Submit your homework assignment as a single RMarkdown file, using your last name and the homework assignment as a filename in the following format: gribble_n.Rmd where n is the homework assignment number.

Here is the R Markdown template file for this assignment: lastname_7.Rmd.


Lab Component

Like in the previous homework, we will again look at a dataset (from https://pnb.mcmaster.ca/bennett/psy710) in which a dependent variable called “score” was measured in 4 groups of participants. Let’s pretend that score is each participant’s score on a memory test and condition is four different drugs they ingested prior to the memory test. We want to know if the drugs affect memory.

Load the view the dataset:

library(tidyverse)
load(file=url('https://www.gribblelab.org/2812/data/theAOVdataRL3.rda'))
glimpse(theAOVdata)
Rows: 80
Columns: 2
$ condition <fct> c1, c1, c1, c1, c1, c1, c1, c1, c1, c1, c1, c1, c1, c1, c1, …
$ score     <dbl> 72.48003, 112.72329, 91.63106, 93.61600, 92.07769, 112.93725…
  1. Fit the ANOVA model to the data
            Df Sum Sq Mean Sq F value Pr(>F)  
condition    3   3226  1075.2   3.832  0.013 *
Residuals   76  21328   280.6                 
---
Signif. codes:  0 '***' 0.001 '**' 0.01 '*' 0.05 '.' 0.1 ' ' 1
  1. Conduct post-hoc tests to determine which groups are different from each other. Use the Bonferroni correction to adjust for multiple comparisons.

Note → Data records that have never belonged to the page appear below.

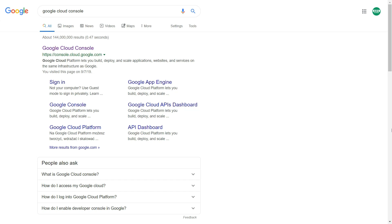So this is the introduction video to Google BigQuery. Today I will show you how to create your first project in BigQuery, how to get access to a 12-month free trial, how to get access to free datasets available in Google BigQuery, and the basics of the BigQuery interface and how you can pull out your data.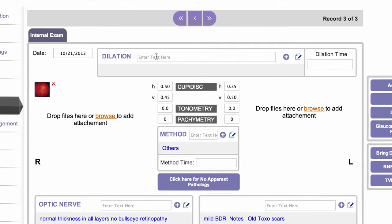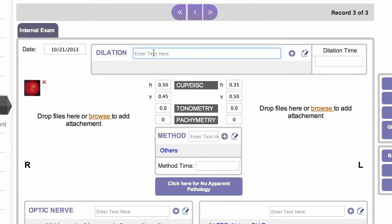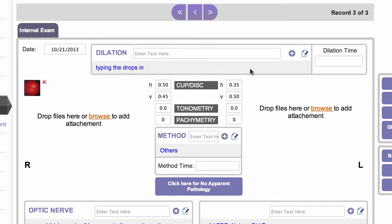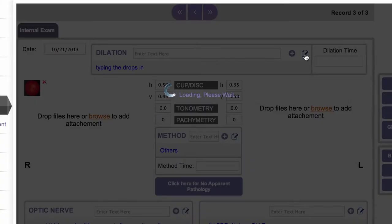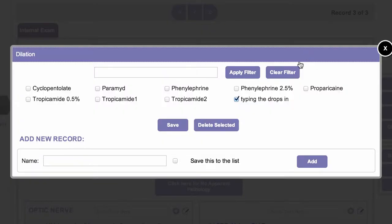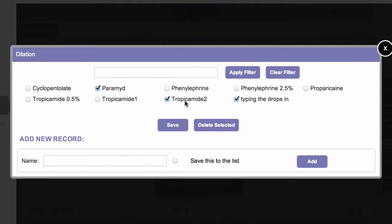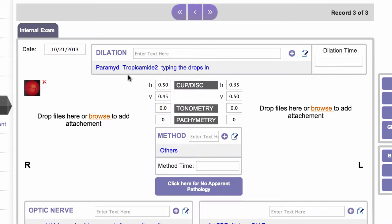We can record our dilation drops here and you can record them by typing. It drops in like that, adding it to the record. Or if you use the same drops repeatedly, you can create a short list of drops that you like to use, just click and save and it will record those drops. If there's something in there that you don't want, you can simply click the X to delete it.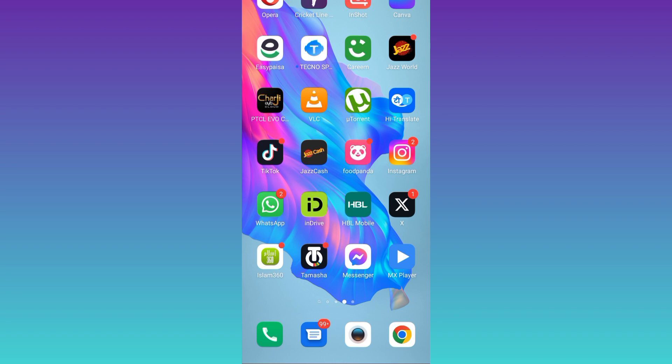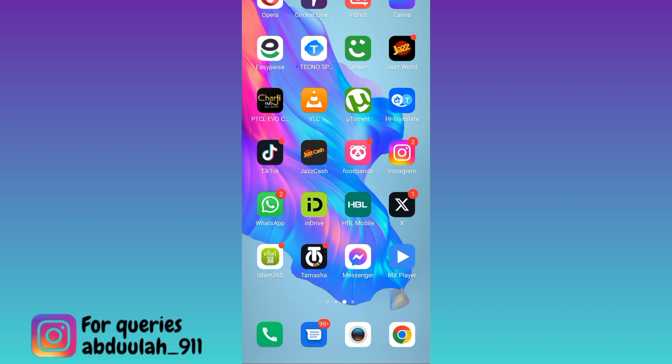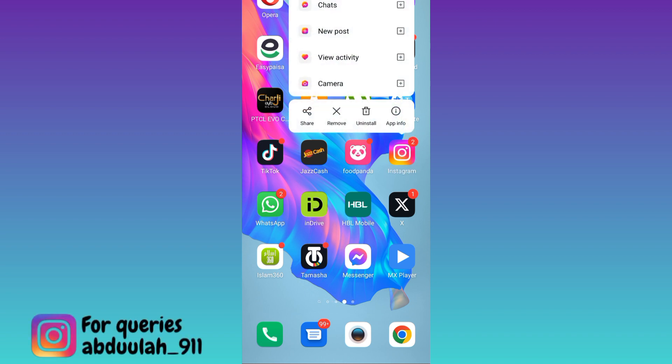So, in order to fix couldn't refresh feed on Instagram, all you have to do is long press on Instagram's logo and go to App Info.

    Pairwise comparisons using t tests with pooled SD 

data:  score and condition 

   c1   c2   c3  
c2 1.00 -    -   
c3 0.22 0.01 -   
c4 1.00 0.24 1.00

P value adjustment method: bonferroni 
  1. Interpret the tests—which groups are different from each other? What do the p-values mean?

Home Component

  1. Again conduct post-hoc tests to determine which groups are different from each other, but this time use the Bonferroni-Holm correction to adjust for multiple comparisons.

    Pairwise comparisons using t tests with pooled SD 

data:  score and condition 

   c1   c2   c3  
c2 0.77 -    -   
c3 0.18 0.01 -   
c4 0.77 0.18 0.77

P value adjustment method: holm 
  1. Interpret the tests—which groups are different from each other? What do the p-values mean?

  2. You are planning a new experiment that will involve 6 groups of participants. Your task is to estimate the sample size that you will need for each group in order to detect a difference in the mean of a dependent variable with a power of 0.80. You plan to adopt an alpha level of 0.05 for rejecting the null hypothesis. Based on pilot studies and other similar studies reported in the literature, you estimate that the within-group variance will be 5 times larger than the between-groups variance. Use power.anova.test() to estimate the sample size needed for each group. Round up to the nearest whole number.

  1. Let’s say you go ahead and run the experiment described above in Q6.

    1. Define Type-I error
    2. If the null hypothesis is true and there actually isn’t a difference in the mean of the dependent variable across groups in the population, what is the probability that you will make a Type-I error?
    3. What could you do to reduce the probability of making a Type-I error?
    4. Define Type-II error
    5. If the null hypothesis is false and there actually is a difference in the mean of the dependent variable across groups in the population, what is the probability that you will make a Type-II error?
    6. What could you do to reduce the probability of making a Type-II error?